Artificial Intelligence History Software Engineering

Computer Speech Recognition – 1952 AD

Computer Speech Recognition

“The automatic digit recognition system, also known as Audrey, was developed by Bell Labs in 1952. Audrey was a milestone in the quest to enable computers to recognize and respond to human speech.

Audrey was designed to recognize the spoken digits 0 through 9 and provide feedback with a series of flashing lights associated with a specific digit. Audrey’s accuracy was speaker dependent, because to work, it first had to “learn” the unique sounds emitted by an individual person for reference material. Audrey’s accuracy was around 80 percent with one designer’s voice. Speaker-independent recognition would not be invented for many more years, with modern examples being Amazon Echo with Alexa and Apple Siri.
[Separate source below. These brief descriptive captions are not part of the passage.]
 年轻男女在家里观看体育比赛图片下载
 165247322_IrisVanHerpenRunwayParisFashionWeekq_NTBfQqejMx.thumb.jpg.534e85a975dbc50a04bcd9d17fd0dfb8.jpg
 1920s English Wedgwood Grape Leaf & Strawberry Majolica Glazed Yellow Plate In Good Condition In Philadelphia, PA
To create the reference material, the speaker would slowly recite the digits 0 through 9 into an everyday telephone, pausing at least 350 milliseconds between each number. The sounds were then sorted into electrical classes and stored in analog memory. The pauses were needed because at the time, speech-recognition systems had not solved coarticulation—the phenomenon of speakers phonetically linking words as they naturally morph from one to another. That is, it was easier for the system to isolate and recognize individual words than words said together.

Once trained, Audrey could match new spoken digits with the sounds stored in its memory: the computer would flash a light corresponding to a particular digit when it found a match.
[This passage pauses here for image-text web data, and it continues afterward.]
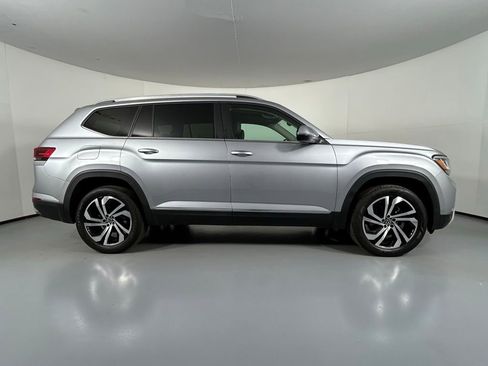 Used 2023 Volkswagen Atlas SEL AWD/4WD image 8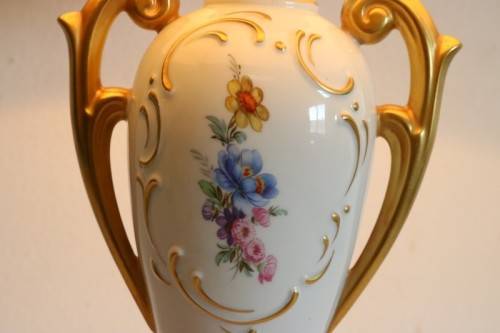 A spectacularly rare vintage "Gerold Porzellan" of Bavaria, Germany hand painted Urn-table lamp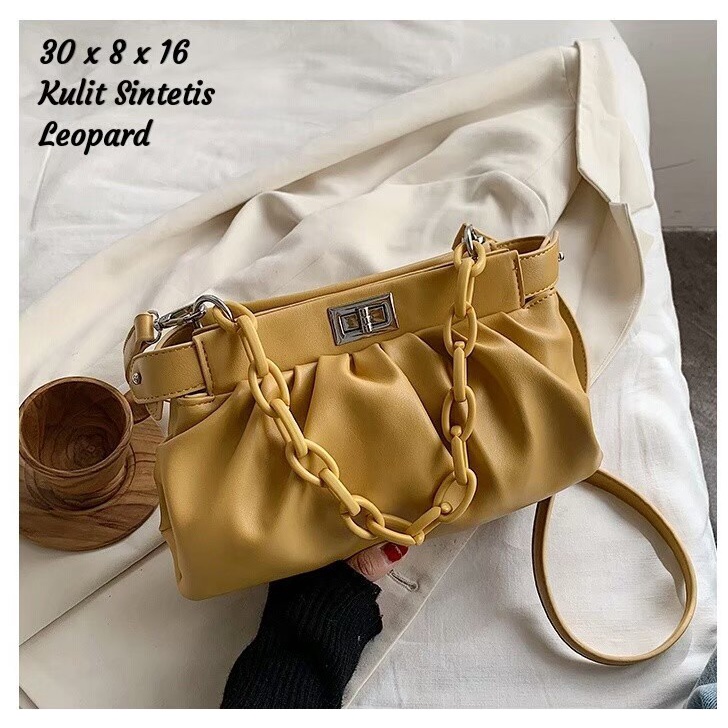 TAS SELEMPANG WANITA KECIL IMPORT KULIT HITAM CRESENT KOREA SLING BAG MUAT HP FASHION REMAJA KEKINIAN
While various economic and technical practicalities prevented Audrey from going into production (including specialized hardwired circuitry and large power consumption), Audrey was nevertheless an important building block in advancing speech recognition. Audrey showed that the technique could be used in theory to automate speaker input for things such as account numbers, Social Security numbers, and other kinds of numerical information.

Ten years later, IBM demonstrated the “Shoebox,” a machine capable of recognizing 16 spoken words, at the 1962 World’s Fair in Seattle, Washington.”

“The automatic digit recognition system was the forerunner of many popular applications today, including smartphones that can recognize voice commands.”